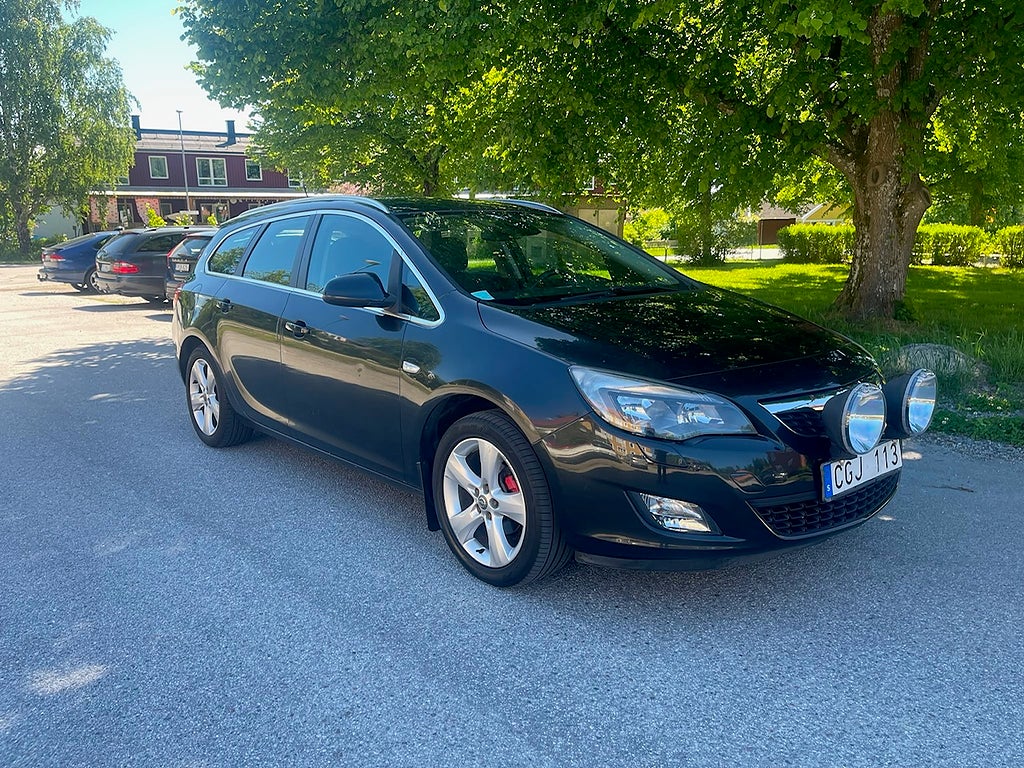 Opel Astra Sports Tourer  Enjoy Euro 5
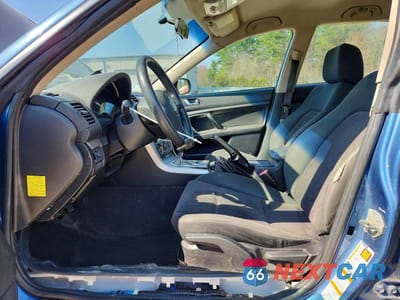 Zdjęcie 7 z 13 samochodu: 2008 SUBARU OUTBACK VIN:4S4BP60CX87356598 - miniatura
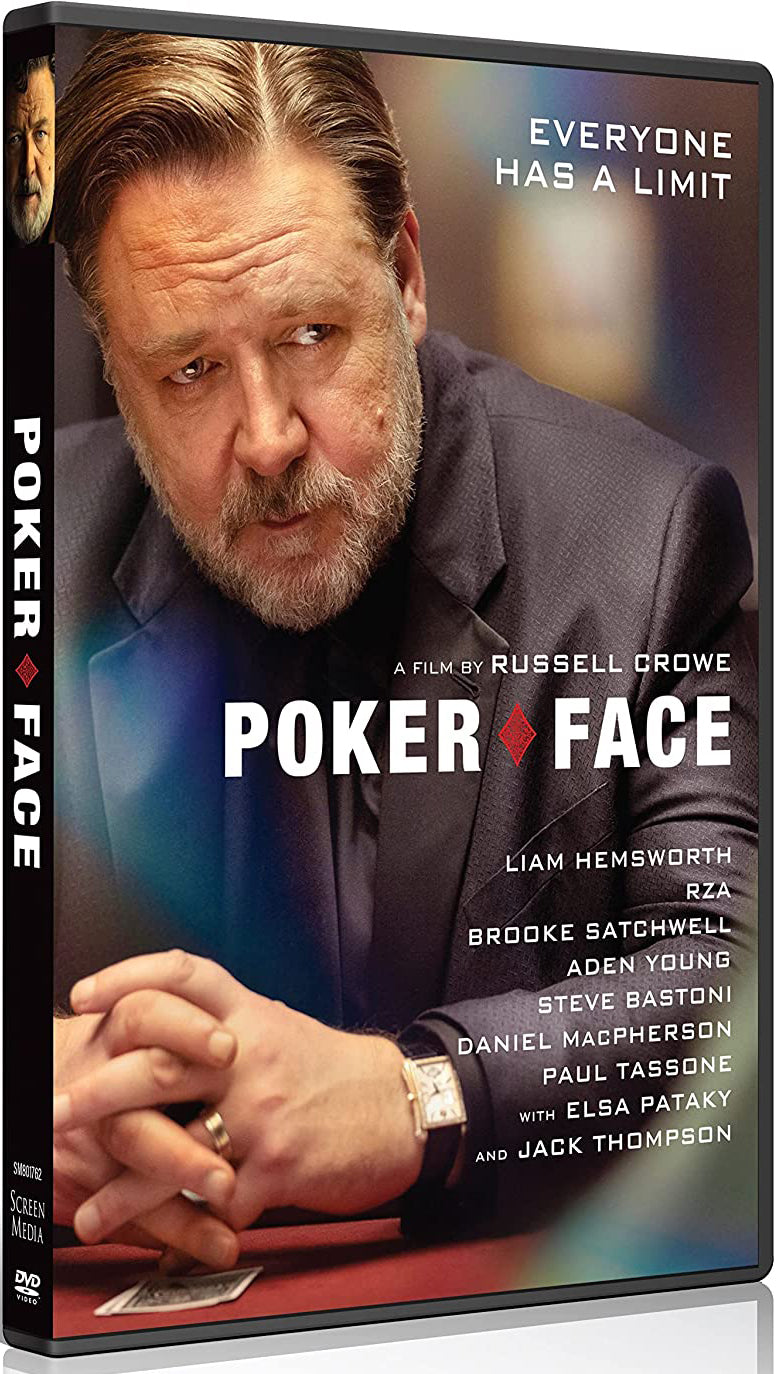 Poker Face cover art
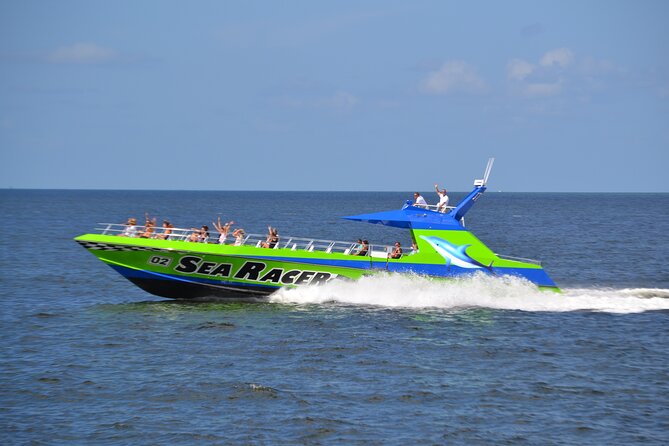 Myrtle Beach Dolphin Cruise - Inclusions and Meeting Point
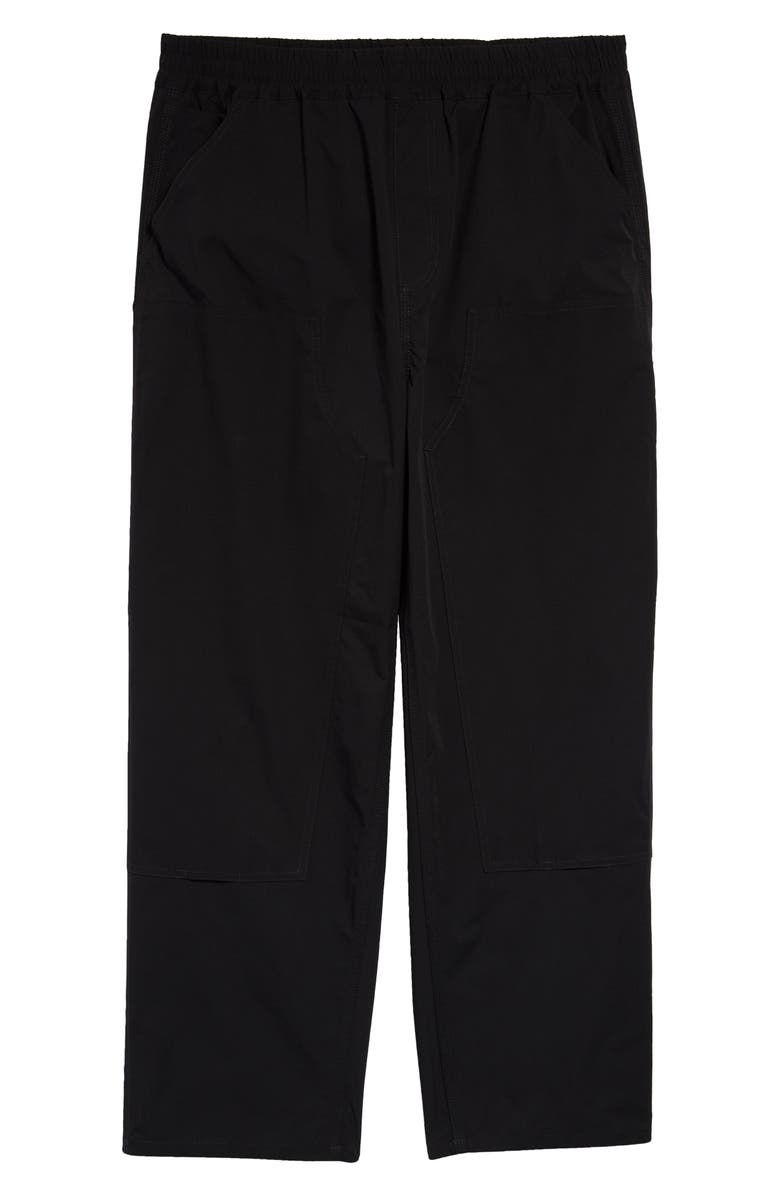 Carhartt Work In Progress Montana Ripstop Pants, Alternate, color, Black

+---+

WHAT IS EXPECTED: Output exactly, and with no pictures, the lines from the line that holds "Poker Face cover art" through the last line of the listing above.

THE COMPLETED TASK:
 Poker Face cover art
 Myrtle Beach Dolphin Cruise - Inclusions and Meeting Point
 Carhartt Work In Progress Montana Ripstop Pants, Alternate, color, Black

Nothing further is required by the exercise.